Na vida de Winston Churchill houve certamente milhares de momentos de antologia. Os discursos, as decisões cruciais para o destino de milhões tomadas em Westminster.
Um destes momentos, desta feita de descanso, foi à beira do Atlântico, numa suite de um hotel no Funchal com vista para a cidade, em 1950, um ano antes de assumir de novo a chefia do governo do Reino Unido. O hotel escolhido fora o Reid’s Palace, histórico hotel de luxo e conforto que segue à risca os padrões de comodidade ingleses. Hoje em dia, o Reid’s é Belmond Reid’s Palace Funchal, em virtude das constantes mudanças accionistas que obrigam a acrescentos periódicos nos nomes de muitos hotéis.
Ainda celebra os seus hóspedes ilustres e a herança british, procurada por muitos. Churchill não foi esquecido e ainda está presente na suite presidencial, com o seu nome, pontuada por caricaturas e biografias do antigo primeiro-ministro britânico. A suite principal – a outra suite presidencial dá pelo nome de George Bernard Shaw, também ilustre visitante do hotel – tem uma diária de 2360 euros, segundo a página na internet do Reid’s.
O Reid’s mantém este tom clássico e inabalavelmente inglês.

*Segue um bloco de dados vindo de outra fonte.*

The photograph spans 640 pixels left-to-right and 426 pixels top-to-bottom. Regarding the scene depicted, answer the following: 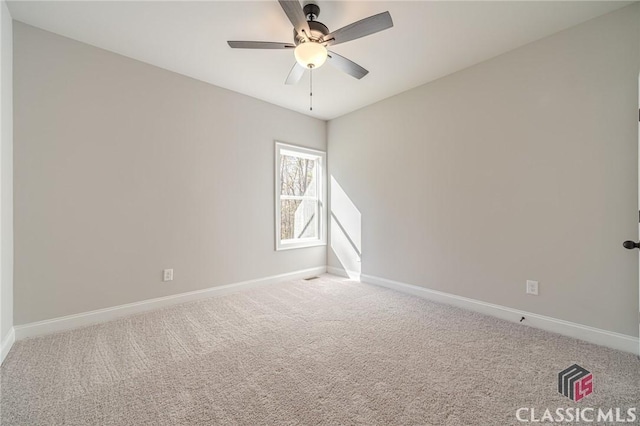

O hotel mantém uma sala de bridge, onde os hóspedes podem – se arranjarem parceiros – lançar as cartas à mesa e mantém a hora do chá, todos os dias, com sanduíches ao gosto inglês (pão-de-forma, pepino, salmão, queijo-creme), scones acompanhados de compota, manteiga e natas, e uma gama de chás e infusões e champanhe a copo.
O bar, chamado simplesmente de “Cocktail Bar”, tem vista para o Funchal e, no seu programa regular, concertos diários de clássicos brasileiros, reinterpretações ao vivo de canções contemporâneas e tributos a Sinatra e aos ABBA, por exemplo.
O Reid’s inclui ainda três restaurantes, por ordem crescente de sofisticação: o Villa Cipriani, especializado em culinária italiana, o William’s, o restaurante de gama intermédia, e o The Dining Room, que só permite entrada a clientes com a combinação casaco-gravata.
Ilustre livro de visitas
Em 1891, o jovem William Reid, de 14 anos e saúde frágil, é enviado pela família para a Madeira. Vai para climas melhores, disse-lhe o pai, passando-lhe para a mão cinco libras. Chegado cá, anos mais tarde, peripécias e tiros na água depois, resolve abrir um hotel na área do Funchal, à época principal cidade de uma ilha ainda muito longe de estar nos guias das low-cost.
Situou-o num penhasco chamado Salto do Cavalo, à beira-mar. O hotel acabaria por receber, anos depois, personalidades como a imperatriz da Áustria-Húngria Isabel I, mais conhecida por Sissi, o escritor George Bernard Shaw, prémio Nobel da Literatura, em 1925, ou o já citado Churchill, numa ilha que, à época, tinha grande falta deste tipo de comodidades para o visitante mais abastado.
Mais tarde, no século XX, o hotel é adquirido pela família Blandy, também de origem inglesa – um clã ainda hoje membro firme na elite funchalense, proprietária da marca de vinho Blandy’s e com uma participação no “Diário de Notícias da Madeira”.
No final do século passado, os Blandy vendem o Reid’s Palace ao grupo Orient-Express. Por sua vez, o grupo hoteleiro sofre um rebranding em 2014 – e, assim, o centenário hotel passa a chamar-se, por extenso, Belmond Reid’s Palace Hotel. Reid’s para os amigos.
Mas a história do hotel é feita não só pelos famosos que lá passaram, mas dos clientes que vão e vêm e que, por pouco tempo que seja, vão deixando a sua marca. Alguns vêm mesmo para ficar.
O hóspede mais longevo foi um dinamarquês que se alojou no Reid’s e aí permaneceu durante 15 anos, não saindo sequer quando o hotel entrou em obras, em 2006.
Aí acabaria por falecer, no final de 2014 – e, por ser um hóspede ilustre, que já faz parte da família Reid’s, figura no hall of fame do hotel, que inclui também o antigo Primeiro-ministro António Guterres e Cavaco Silva, antigo chefe de governo e antigo Presidente da República portuguesa.